By leveraging the NTC-SCV dataset, we can develop and evaluate sentiment analysis models tailored to the Vietnamese language, contributing to advancements in NLP for underrepresented languages and providing practical tools for various real-world applications.

## **III. Project Framework**

In this project, we will train a sentiment text classification model using both Naive Bayes and Neural Network approaches. Here are the general steps of the project:

1. **Data Acquisition and Loading**: Initially, we will clone the dataset directly from a GitHub source, unzip it, and load it into our notebook.

2. **Text Data Preprocessing**: We will clean and prepare the text data for modeling by removing special characters, stop words, and other irrelevant data. Additionally, we will normalize the text by lowercasing, correcting typos, and converting abbreviations.

3. **Vector Representation**: After preprocessing, the text data will be converted into a numerical format that machine learning algorithms can process. We will achieve this by transforming the text into vectors using word embeddings.

4. **Building the Classification Models**: With the text data in a usable format, we will construct two models for classification: a Naive Bayes classifier and a Neural Network model.

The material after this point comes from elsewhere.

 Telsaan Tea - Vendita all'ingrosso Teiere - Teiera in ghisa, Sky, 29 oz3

5. **Model Training**: During this phase, the models learn to associate the input text vectors with the correct labels. This is achieved by adjusting the network weights based on a loss function. We will also set aside a portion of the dataset for validation to monitor for overfitting and fine-tune the model parameters.

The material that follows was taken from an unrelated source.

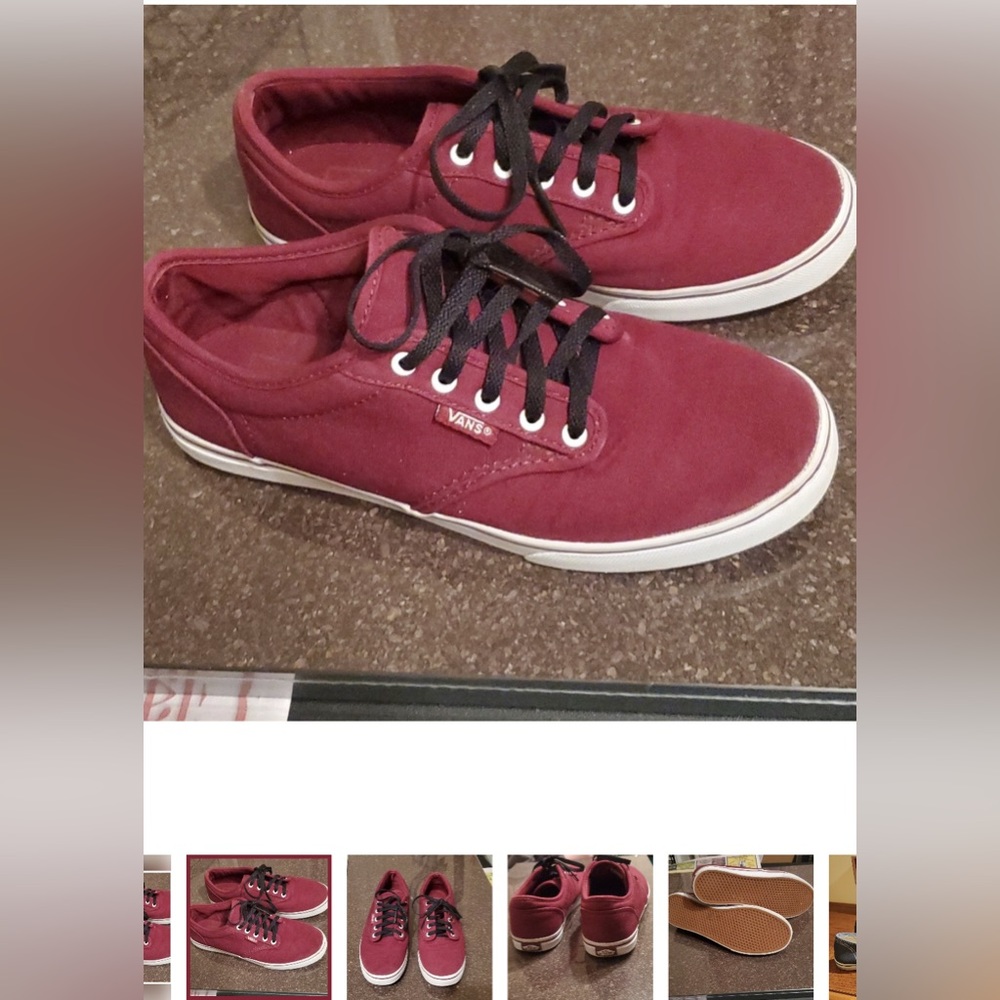 Like new unisex cans women’s size six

6. **Prediction and Model Evaluation**: Finally, we will use the trained models to predict the labels of new, unseen text data. The models' performance will be evaluated using metrics such as accuracy, precision, recall, and F1-score to determine their generalization capabilities on new data.

These steps outline the essential framework for training a neural network to effectively classify text data, ensuring the models are both accurate and robust.

## **IV. Project Implementation**
### **1. Import Neccesary Libraries**
First, we will import all necessaries libraries for this project. For now, we will import basic libraries that usually use in Machine Learning. As we go through the project, we will import more libraries if necessary.

In [1]:
# Import necessary for the projects
import os
import numpy as np
import pandas as pd
import seaborn as sns
import matplotlib.pyplot as plt

### **2. Data Cloning and Loading**
For our project, we will clone the original [GitHub](https://github.com/congnghia0609/ntc-scv) link accessed to the NTC-SCV dataset to our local environment and unzip those files as follows:

In [2]:
# Download the dataset from github
!git clone https://github.com/congnghia0609/ntc-scv
!unzip ./ntc-scv/data/data_test.zip -d ../data
!unzip ./ntc-scv/data/data_train.zip -d ../data
!rm -rf ./ntc-scv

Cloning into 'ntc-scv'...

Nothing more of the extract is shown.